I know it's a small point to make but it seems the gp covered most everything
else.

------
ryanmolden
Realizing that life is in fact long, relatively speaking. The current culture
seems to imply if you aren't successful yesterday you are a failure. I think
this mindset is deleterious to any serious undertaking/success. I am a strong
believer in the old trope about being an overnight success in only 10 years.
The important thing is to think about areas you are interested in, think about
the necessary skills and begin the long trudge to learn them. Of course no one
wants to hear this, they want the TL;DR version, but the joke is on them as it
doesn't exist. My approach, if I were you, would be (long list ahead):

1: Find a job. Preferably in a field you can be passionate about, but really
anywhere works to get a good routine and a reason to wake up. I worked nights
in a warehouse through college, not an easy or fun job, but a great motive
force to keep me on track in school.

2: Pick one skill of the N you think you ultimately need in your dream future.
Spend at least the next year learning everything you can about that area. Find
online forums, find educational materials, go to the library, haunt local
meetups/talks in the area you are learning, ask really stupid questions to
make sure you deeply understand things, ignore what others may think or say
especially if their feedback is non-constructive (the world is, sadly, full of
dicks).

3: Find someone in the area whose work you respect and try to contact them for
any advice they may have. Most people, in my experience, are open to this as
long as you aren't too needy/rambling (like me, right now), respect that them
even taking time to write a single sentence is a gift, they really don't have
to and lots of people are rather busy.

4: See if you can figure out ways to provide value before ever asking for
anything. Perhaps someone has a PDF version of a book in the area you want to
learn. Read it, take notes of typos, confusing points, errors. Reach out to
them and ask how to send feedback (e-mail, forums, etc...) and give them what
you have. People like favors, doing them will build positive capital for your
future.

5: Repeat step 2 as many times as necessary.

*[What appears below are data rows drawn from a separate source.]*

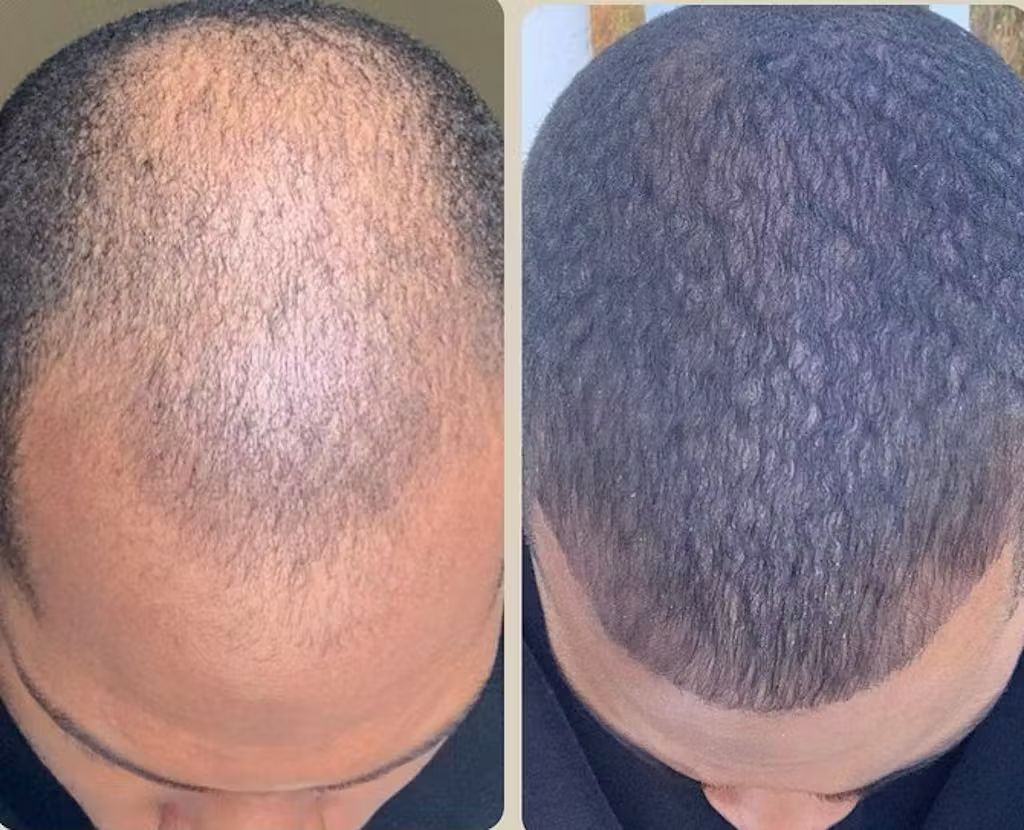 RBS Collective FollicleFX®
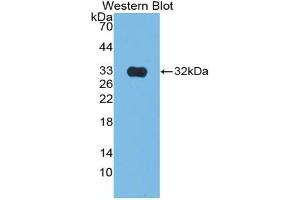 Detection of Recombinant CS, Rat using Polyclonal Antibody to Citrate Synthase (CS)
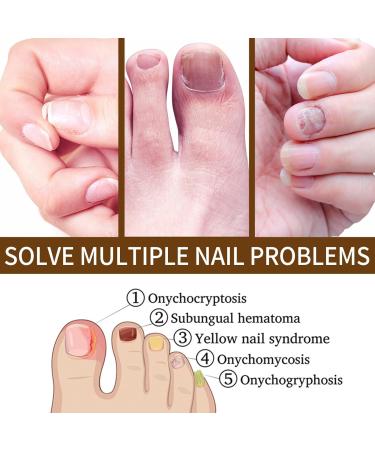 TBeautfave Fungal Nail Treatment Nail Fungus Treatment for Toenail Fungal Nail Treatment for Toenails Extra Strong Nail Strengthener for Damaged Nails Nail Repair Renew Broken Nails Nail Care - Buy Online on GoSupps.com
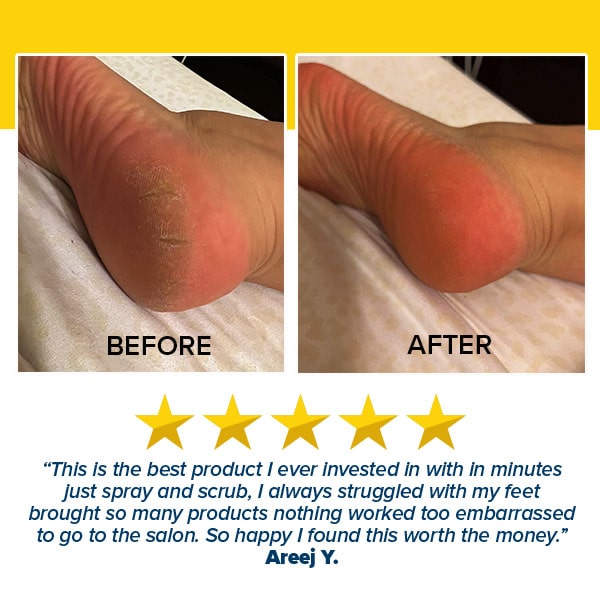 Before and after photos show cracked feet transformed to smooth skin using Instant Foot Peeling Spray; a five-star review and glowing testimonial highlight its effectiveness.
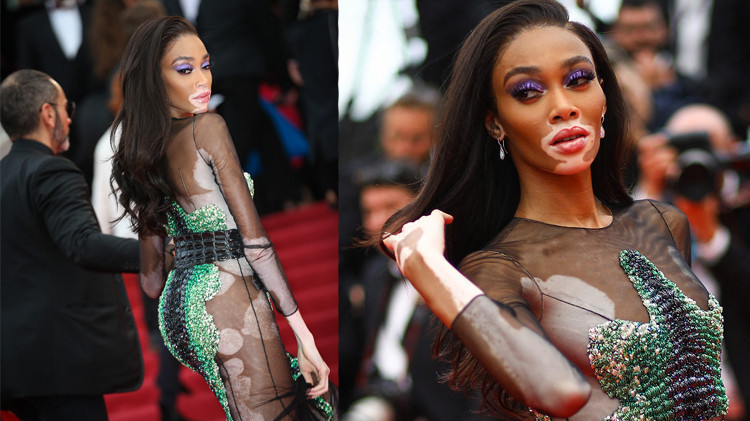 Güzellik Algısını Baştan Yaratan Kadın: Winnie Harlow Güzellik Algısını Baştan Yaratan Kadın: Winnie Harlow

6: Always be on the lookout for opportunities (jobs) that you are perhaps
suddenly qualified for via your studies. Never eliminate yourself from a
candidacy unless you clearly lack most required skills for the job. Make them
say no to you, don't say it to yourself on their behalf.

7: See a doctor/counselor if you even suspect depression. Treatment exists and
can be life changing.

8: Try to stay in shape. This can be as simple as taking daily walks/runs,
swimming, joining a gym, just something to stay active. It helps a lot with
mental acuity and focus. I myself struggle with this one, but I always feel
better the more regularly I honor this.

9: Try and expose yourself to serendipity. This generally means go to talks,
visit forums like HN, do everything you can to be exposed to the area you like
and people in it.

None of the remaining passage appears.